This greatly improves the performance, since the most frequently used samples
will be always in RAM helping to avoid that your disk get stressed too much.
It seem strange, but hacking on your MIDI keyboard like crazy isn't that
stressful for the application as you mean: since you are frequently releasing
the keys, you will almost always play cached data.
The most stressful activity is to play many notes simultaneously, and
hold the keys down for 10secs or so.
In this case the limitation is the disk bandwidth/seek performance, just
like when doing harddisk recording.
I stressed the application by pressing on MIDI keyboard with the whole
forearm. About 20 notes got triggered and I kept the forearm down for
about 10secs. The disk was quite busy but no dropout occurred.

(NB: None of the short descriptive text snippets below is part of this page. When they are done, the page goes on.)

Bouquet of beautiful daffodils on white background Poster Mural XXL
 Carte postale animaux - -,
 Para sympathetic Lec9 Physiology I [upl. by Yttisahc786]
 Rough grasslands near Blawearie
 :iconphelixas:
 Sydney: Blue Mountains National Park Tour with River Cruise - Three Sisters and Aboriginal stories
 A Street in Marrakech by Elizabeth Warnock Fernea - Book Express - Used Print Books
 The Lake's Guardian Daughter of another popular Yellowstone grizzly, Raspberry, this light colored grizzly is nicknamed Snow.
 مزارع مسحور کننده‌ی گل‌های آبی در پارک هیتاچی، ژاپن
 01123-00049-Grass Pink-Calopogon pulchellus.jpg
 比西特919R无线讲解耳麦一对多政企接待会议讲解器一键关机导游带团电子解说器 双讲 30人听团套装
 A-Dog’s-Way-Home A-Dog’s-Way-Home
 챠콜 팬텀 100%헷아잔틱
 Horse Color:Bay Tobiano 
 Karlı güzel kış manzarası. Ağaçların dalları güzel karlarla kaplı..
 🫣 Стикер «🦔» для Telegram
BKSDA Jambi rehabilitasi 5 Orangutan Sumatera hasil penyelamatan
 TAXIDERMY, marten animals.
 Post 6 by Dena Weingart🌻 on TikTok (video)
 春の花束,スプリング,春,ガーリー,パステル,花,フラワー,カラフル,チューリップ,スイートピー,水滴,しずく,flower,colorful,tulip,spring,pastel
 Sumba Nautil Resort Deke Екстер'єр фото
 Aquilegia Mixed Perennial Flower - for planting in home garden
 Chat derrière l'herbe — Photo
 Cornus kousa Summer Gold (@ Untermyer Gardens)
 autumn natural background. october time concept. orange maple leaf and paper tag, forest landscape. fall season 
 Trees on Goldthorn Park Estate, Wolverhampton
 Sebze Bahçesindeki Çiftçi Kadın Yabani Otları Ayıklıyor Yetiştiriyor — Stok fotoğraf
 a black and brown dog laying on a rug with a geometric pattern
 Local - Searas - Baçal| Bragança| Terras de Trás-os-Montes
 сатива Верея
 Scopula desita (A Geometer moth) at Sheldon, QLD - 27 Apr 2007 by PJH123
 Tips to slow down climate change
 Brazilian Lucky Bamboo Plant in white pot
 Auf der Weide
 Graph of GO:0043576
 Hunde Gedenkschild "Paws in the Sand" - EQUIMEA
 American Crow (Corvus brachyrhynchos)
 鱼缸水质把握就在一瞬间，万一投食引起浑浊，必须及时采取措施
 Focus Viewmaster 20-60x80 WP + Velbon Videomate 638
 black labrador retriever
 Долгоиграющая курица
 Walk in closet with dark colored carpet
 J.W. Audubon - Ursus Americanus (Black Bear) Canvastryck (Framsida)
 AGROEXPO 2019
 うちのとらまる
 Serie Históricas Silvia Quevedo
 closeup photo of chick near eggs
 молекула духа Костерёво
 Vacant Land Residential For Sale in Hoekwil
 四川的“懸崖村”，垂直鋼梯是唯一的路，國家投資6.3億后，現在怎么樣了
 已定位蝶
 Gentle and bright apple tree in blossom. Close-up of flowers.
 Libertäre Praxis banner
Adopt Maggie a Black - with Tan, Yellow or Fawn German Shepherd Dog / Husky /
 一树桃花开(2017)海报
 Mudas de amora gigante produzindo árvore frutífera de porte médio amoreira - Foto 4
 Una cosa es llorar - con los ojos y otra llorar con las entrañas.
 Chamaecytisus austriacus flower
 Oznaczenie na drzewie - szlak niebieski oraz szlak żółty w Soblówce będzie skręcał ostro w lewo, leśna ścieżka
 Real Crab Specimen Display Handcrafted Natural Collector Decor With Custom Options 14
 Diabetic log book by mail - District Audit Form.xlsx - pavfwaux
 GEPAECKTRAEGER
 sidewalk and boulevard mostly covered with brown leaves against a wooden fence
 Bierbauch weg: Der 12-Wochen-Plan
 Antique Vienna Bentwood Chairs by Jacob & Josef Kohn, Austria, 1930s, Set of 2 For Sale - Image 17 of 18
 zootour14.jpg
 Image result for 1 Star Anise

(depending on read chunck sizes an IBM ide disk can achieve up to 60
simultaneous tracks).
But keep in mind that this is worst case: very seldom this situation happens,
since music is a dynamic thing and not a static playback of 60 notes
thus making the achievable number of MIDI voices much higher.
On a fast machine , 100+ voices will be easily possible.
Theory of operation:
the application uses 3 threads with different SCHED_FIFO priorities:
audio thread:
highest priorty, is responsible to receive commands
from the MIDI thread and send commands to the disk thread and to
render the audio voices which consists to fetch the
samples from RAM / stream buffers , sum them up
and send the result to the audio device.
midi thread: lower priority than the audio thread
sits in a loop and waits for MIDI messages on the MIDI in port.
Formats the messages and send them to the audio thread in order to trigger
notes.
disk thread: lowest priority
is responsible to manage the disk streams and receice commands from the audio
thread.
The disk thread has to ensure to keep all the diskstream ringbuffers
as full as possible and to react with the highest possible speed to
commands from the audio thread.
Notice that all messages queues are implemented by using lock-free FIFOs
in order to avoid blocking (which could hurt the audio thread) and
to achieve maximum possible speed.
What happens when you press a key on the MIDI keyboard ?
the MIDI thread wakes up, reads the MIDI message and reads note velocity and
pitch. At this point it sends a (similar) note-on message to the audio thread.
The audio thread checks for new messages after every new audio fragment.
That means every 1-2ms depending from the fragment size.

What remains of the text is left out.